Il y a entre entre le Moi stendhalien et le Moi démocratique un profond antagonisme qui se trouve résumé par Lucien à la fin de l'une de ses méditations américaines. Mais je ne puis préférer l'Amérique à la France ; l'argent n'est pas tout pour moi, et la démocratie est trop âpre pour ma façon de sentir. C'est l'être même de Stendhal qui refuse la démocratie ou du moins ses conséquences. Faut-il alors voir dans la pensée politique de Stendhal l'illustration par anticipation d'une formule du psychanalyste cité un peu plus haut : Je ne suis libéral, comme tout le monde, que dans la mesure où je suis anti-progressiste.

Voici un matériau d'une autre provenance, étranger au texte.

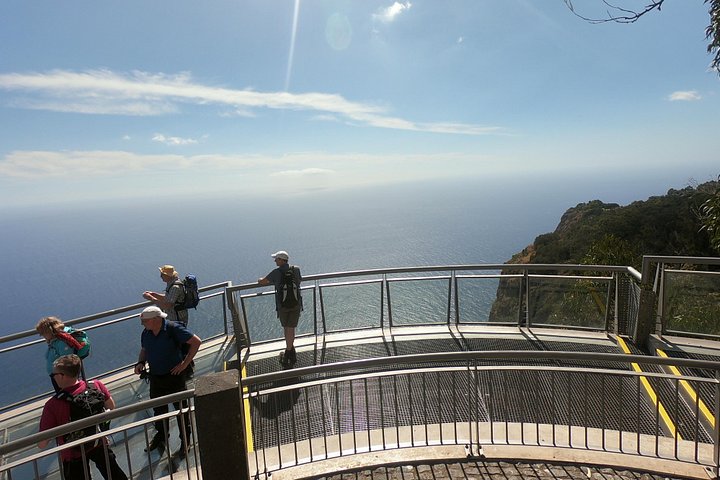 Tour 4x4 explorando la costa norte de Madeira, incluyendo el Bosque de Fanal y Porto Moniz, foto 27 | wizardtrip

Éléments bibliographiques:
Les citations en italiques sont extraites des œuvres de Stendhal disponibles dans l'édition Martineau sur le site Gallica et plus particulièrement de la Correspondance (1805), De L'amour (1822), des Promenade dans Rome(1829), de Lucien Leuwen (1834 - édition de M. Crouzet au Livre de Poche), de La Vie d'Henry Brulard (1835), des Mémoires d'un Touriste (1838), du Voyage dans le midi de la France, et de La Comédie est impossible en 1836 parue dans La Revue de Paris (disponible sur Google books).

Ont été également consultés de Michel Crouzet, Stendhal et l'Amérique, de Jean Pierre Richard, Stendhal Flaubert, d'Emile Faguet, Portraits et moralistes du dix-neuvième siècle (disponible sur Gallica) ainsi que les articles concernant Stendhal dans Albert Thibaudet, Réflexions sur la politique.